Contexte : à l’origine, au sein des entreprises, chaque département a mis en place sa propre solution logicielle. Ces solutions étaient peu intégrées les unes avec les autres et un ERP a été choisi « pour les gouverner toutes ». Cet ERP a été mis en œuvre, mais n’a pas été en mesure de s’adapter assez rapidement aux évolutions informatiques. En matière de logistique, un WMS (système de gestion d’entrepôt) a été mis en place pour améliorer la productivité et la fiabilité des outils et cette initiative a été une relative réussite. D’autres départements ont fait des choix similaires et mis en place des applications spécialisées plus adaptées que l’ERP choisi initialement. Mais l’activité de l’entreprise évolue de plus en plus vite et, aujourd'hui, toutes ces applications doivent interagir en permanence pour optimiser le fonctionnement de la supply chain.
Solution envisagée : devant chaque nouveau défi, les systèmes informatiques sont modifiés a minima, juste pour atteindre le résultat visé.

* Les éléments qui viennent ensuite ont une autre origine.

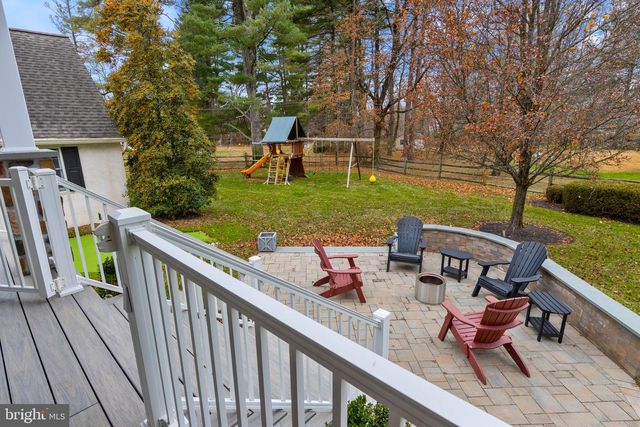 131 SUGARTOWN RD, Devon, PA 19333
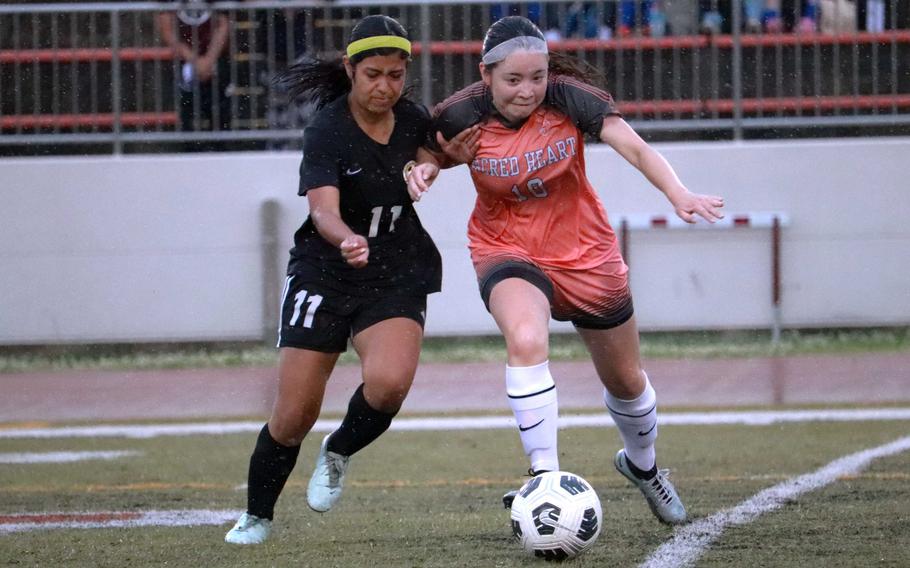 Perry's Catalina Feliz defends against Sacred Heart's Mia Belitz.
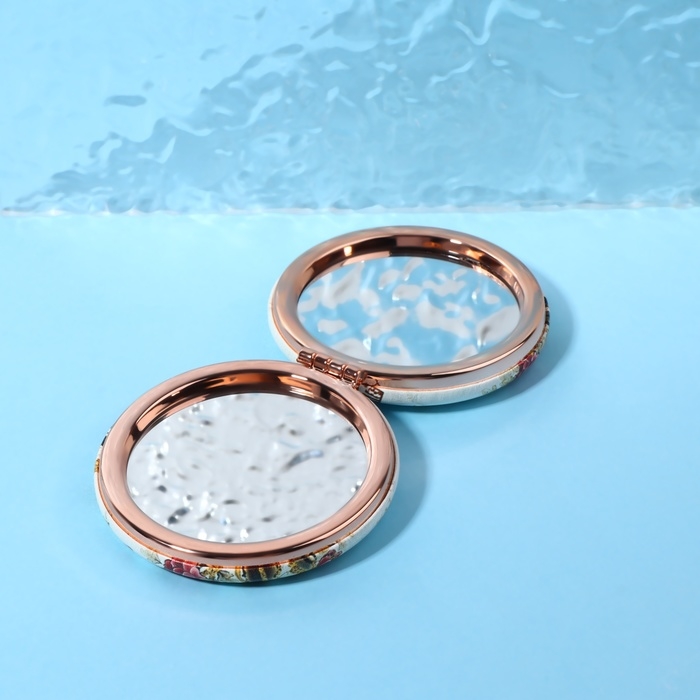 Зеркало складное «Париж», d = 7,5 см, с увеличением, искусственная кожа, цвет золотистый Зеркало складное «Париж», d = 7,5 см, с увеличением, искусственная кожа, цвет золотистый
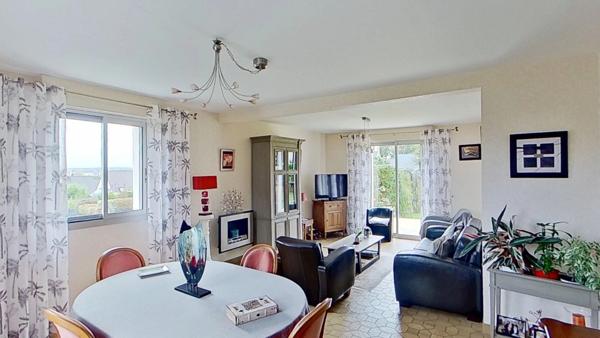 Maison familiale 6 pièces – 105 m² – ST MARTIN DES CHAMPS (29600)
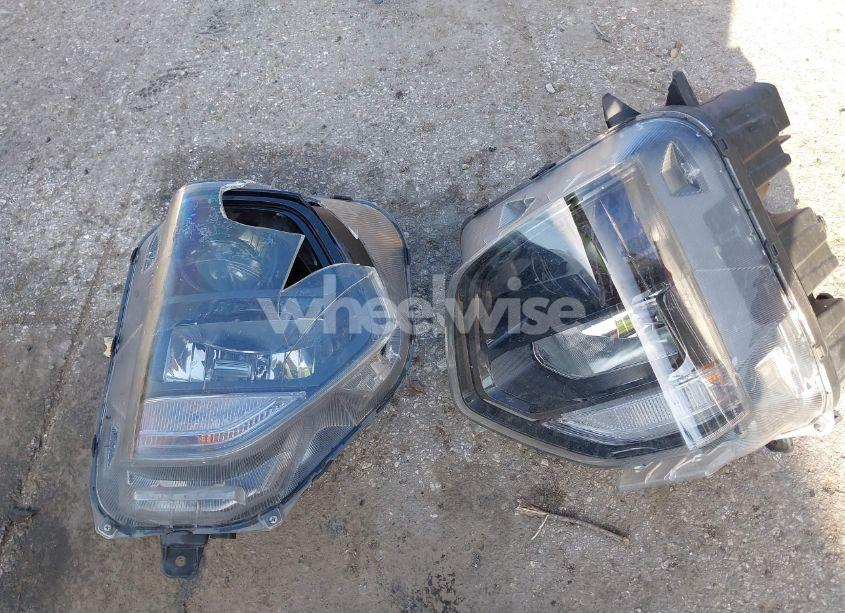 Photo 12 of 2020 Hyundai Santa FE SEL (VIN 5NMS33AD3LH145797)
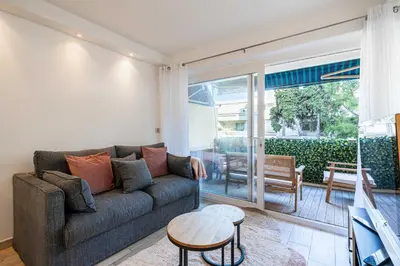 Coin salon dans l'établissement Renovated apt with Parking & Terrace - Palm Beach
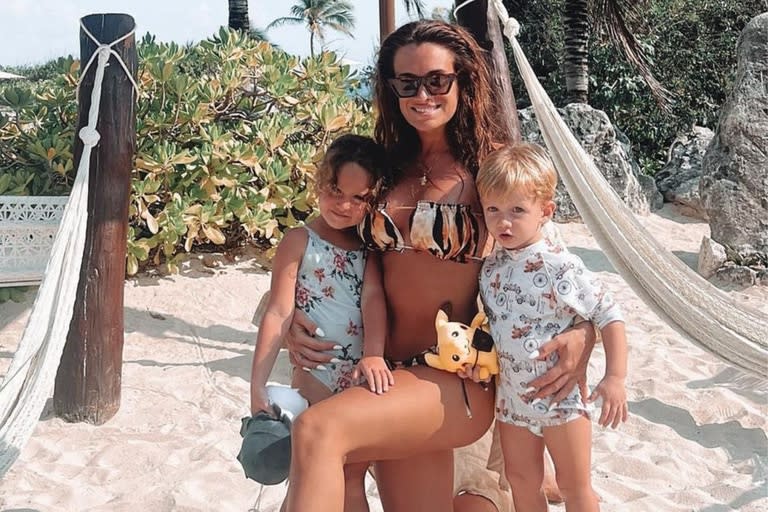 Las fotos de Camila Homs con sus hijos de vacaciones en Playa del Carmen: "Mi vida"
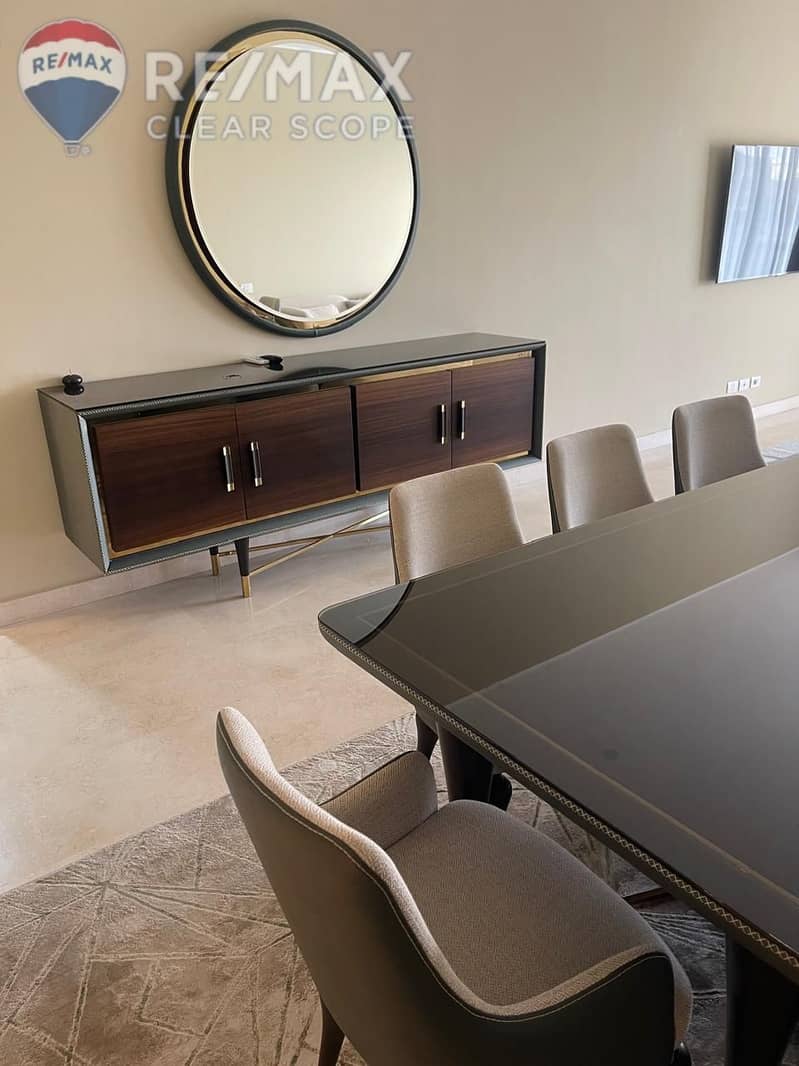 2 70aec245-c43c-49b2-a328-8508290c1390. jpg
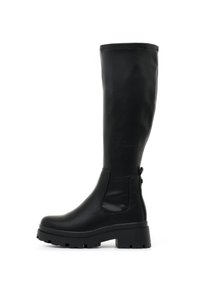Bota negra hasta la rodilla hecha de cuero suave, con una suela texturizada, paneles laterales elásticos y un tacón sutil para mayor altura.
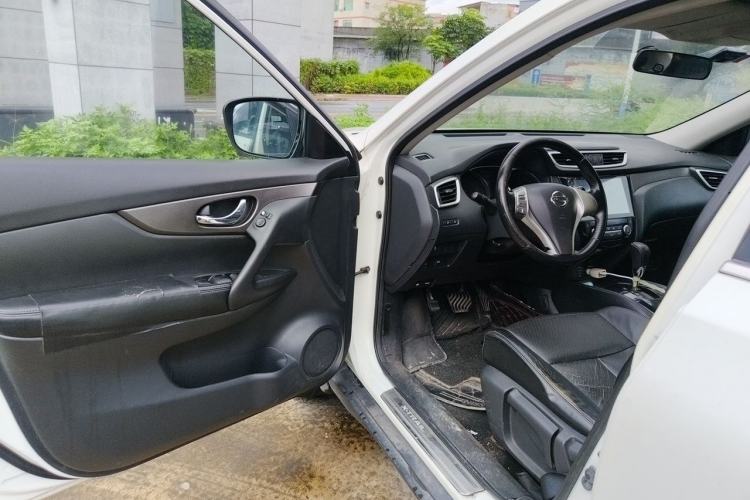 Used Nissan X-Trail 2014 2.0L CVT Comfort Edition 2WD Driver Seat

Dans le département logistique, une intégration ad hoc a été mise en place avec l’outil de CRM pour obtenir des données de l’équipe de vente et une autre avec le cube BI pour recevoir des chiffres cohérents avec ceux utilisés par le département financier. Les services logistiques et les fournisseurs ont également nécessité quelques intégrations. L’équipe logistique a alors appris que plus une évolution informatique est importante, plus l’initiative risque de dépasser les délais et le budget prévus. Ainsi, les évolutions limitées et incrémentales sont désormais préférées aux grands bouleversements.
Contexte du résultat : le plan du métro de Tokyo paraît simple par rapport à la représentation des différentes interactions informatiques au sein d’une entreprise. En effet, il existe des centaines de subtiles dépendances entre tous les systèmes. L’architecture informatique dans son ensemble est, au mieux, relativement floue. En matière de logistique, la difficulté consiste à accéder aux informations utiles, telles que les nouveaux produits, les promotions, les commandes d’achat « presque » finalisées, l’historique des niveaux de stock et des ruptures de stock, etc. Chaque évolution des opérations logistiques —amélioration d’un processus grâce à des informations supplémentaires — semble prendre un temps fou. Les données reçues ne sont pas cohérentes, les systèmes tombent souvent en panne et des exceptions doivent en permanence être gérées manuellement.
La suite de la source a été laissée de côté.